■ WHAT YOU ARE ASKED TO DO: Take the entries that follow and return exactly the lines from the one holding "A dining room" through the one holding "Two CC.Talent colleagues", both included. Nothing else is needed.

■ DATA FOR THIS EXERCISE:

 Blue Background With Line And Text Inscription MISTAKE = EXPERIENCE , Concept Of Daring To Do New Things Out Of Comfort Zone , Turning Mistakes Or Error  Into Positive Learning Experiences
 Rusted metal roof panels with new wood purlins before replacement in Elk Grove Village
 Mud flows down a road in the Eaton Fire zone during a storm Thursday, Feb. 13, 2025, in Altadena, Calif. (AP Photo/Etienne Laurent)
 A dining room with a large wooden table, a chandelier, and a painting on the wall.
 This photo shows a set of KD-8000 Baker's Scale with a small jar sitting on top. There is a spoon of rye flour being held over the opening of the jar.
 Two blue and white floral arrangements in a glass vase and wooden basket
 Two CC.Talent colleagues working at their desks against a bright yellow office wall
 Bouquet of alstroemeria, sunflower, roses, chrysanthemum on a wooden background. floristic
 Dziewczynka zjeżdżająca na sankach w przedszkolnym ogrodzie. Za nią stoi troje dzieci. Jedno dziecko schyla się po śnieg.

■ SOLUTION FOR THIS TASK:
 A dining room with a large wooden table, a chandelier, and a painting on the wall.
 This photo shows a set of KD-8000 Baker's Scale with a small jar sitting on top. There is a spoon of rye flour being held over the opening of the jar.
 Two blue and white floral arrangements in a glass vase and wooden basket
 Two CC.Talent colleagues working at their desks against a bright yellow office wall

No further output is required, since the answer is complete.